Me voilà face à la rivière, si calme, quelque peu agitée par le passage des péniches. L'air est froid et l'odeur marine qui nous arrive de là-bas vient chatouiller mes narines.
Ils n'avaient pas de raison valable. J'ai été sage, j'aurais pû. Ils n'ont fait que m'hurler dessus. J'en ai fais des cauchemars. Pourquoi en ont-ils eu contre moi ?
J'avance vers l'eau et retire mes ballerines préférées, aux couleurs d'Harley Quinn. Ma veste d'Izaya me protège maigrement de la brise glacée. Mon jean est légèrement humidifié par la pluie qui commence. Je porte le t-shirt que m'as prêté ma Chouchou, le t-shirt Marilyn Manson. Les larmes bordent mes yeux.
J'ai essayé d'argumenter pourtant. J'ai eu de bonnes notes, et même en leur cachant que j'étais collée, j'y ai crus. J'y ai réellement cru, comme une sotte, jusqu'à la dernière minute. J'ai crus innocemment que mes parents me laisseraient retourner avec les gens qui partagent mes passions. Pas d'argent selon eux. Ils ont acheté pour 130 € de clopes la veille de ce jour. La vendeuse doit m'en vouloir à mort de décaler une troisième fois la date. Désolée mademoiselle, mes parents sont des connards.
Je trempe mon pied dans l'eau à la température douteuse. Tant pis.

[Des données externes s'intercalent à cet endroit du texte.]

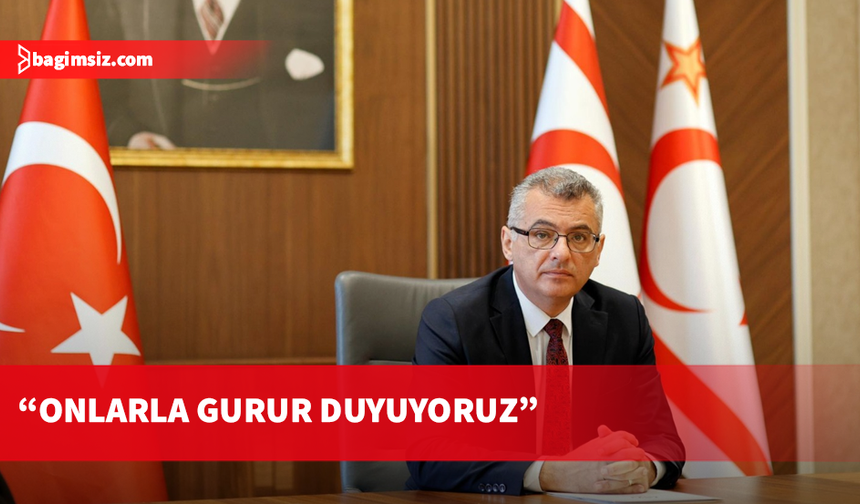 Erhürman Milli Takım'ı kutladı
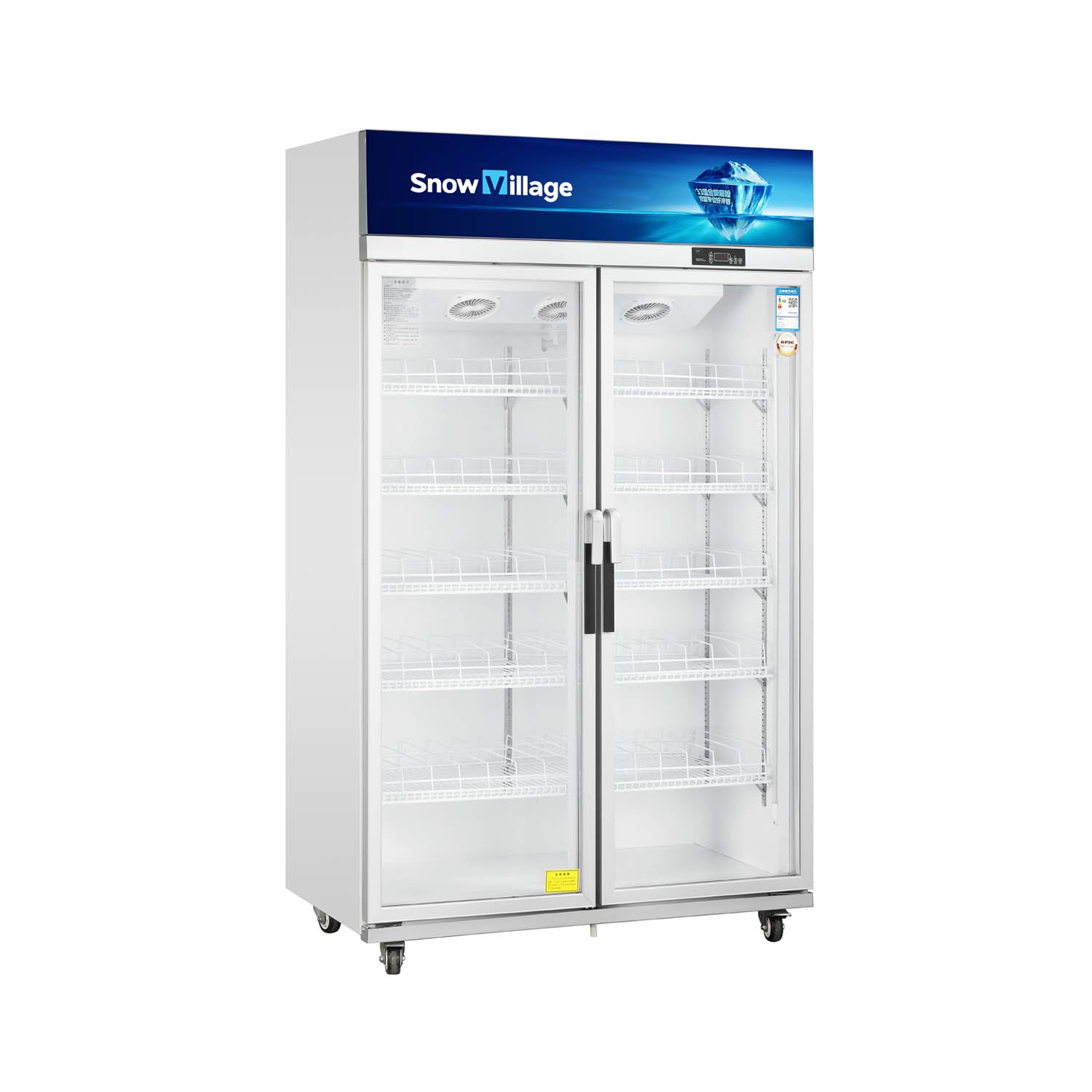 Upright Glass Door Showcase LC Standard Ventilated Cooling Refrigerator Series - 2/3 Doors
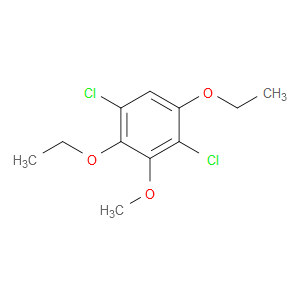 1,4-Dichloro-2,5-diethoxy-3-methoxybenzene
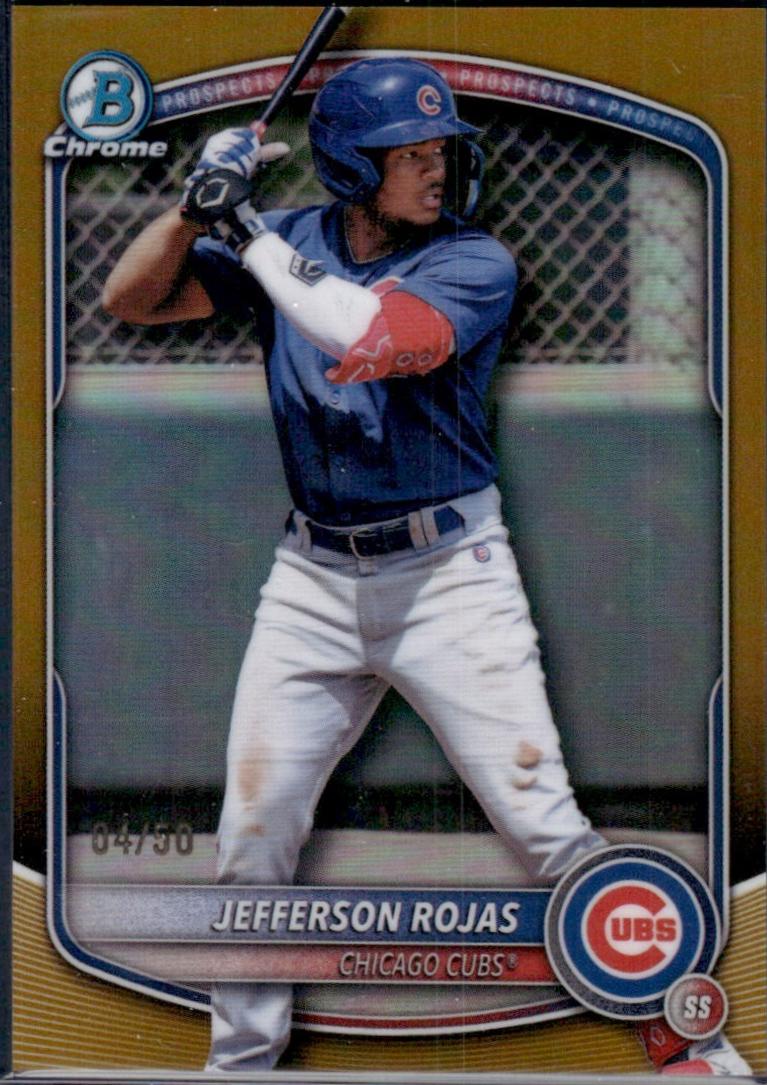 Jefferson Rojas [Gold Refractor] #BDC-75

Je marche en frissonnant. L'eau m'arrive aux chevilles.
Je voulais la payer cette convention. Mais elle a refusé. Je suis certaine qu'elle a déjà vidé mon compte. "On en aurait pour plus de 80 €". Oui, c'est vrai. Sauf si vous vous décidiez à me laisser faire juste 20 minutes de train toute seule. J'aurais mieux fait de leur mentir. Quand je fais primer l'honnêteté, on me refuse ce que je demande.
J'avance lentement. Des gens commencent à s'attrouper. Il est interdit de se baigner dans cette eau qui s'insinue vicieusement sous mon jean.
Je ferais tout pour ne pas revoir ces cons lundi. Ne pas avoir à supporter leurs regards ignorants, ne pas avoir à vivre encore si longtemps sans pouvoir aller où bon me semble. Si je reste, à 18 ans ils me surveilleront encore. Je n'aurais jamais le droit de partir.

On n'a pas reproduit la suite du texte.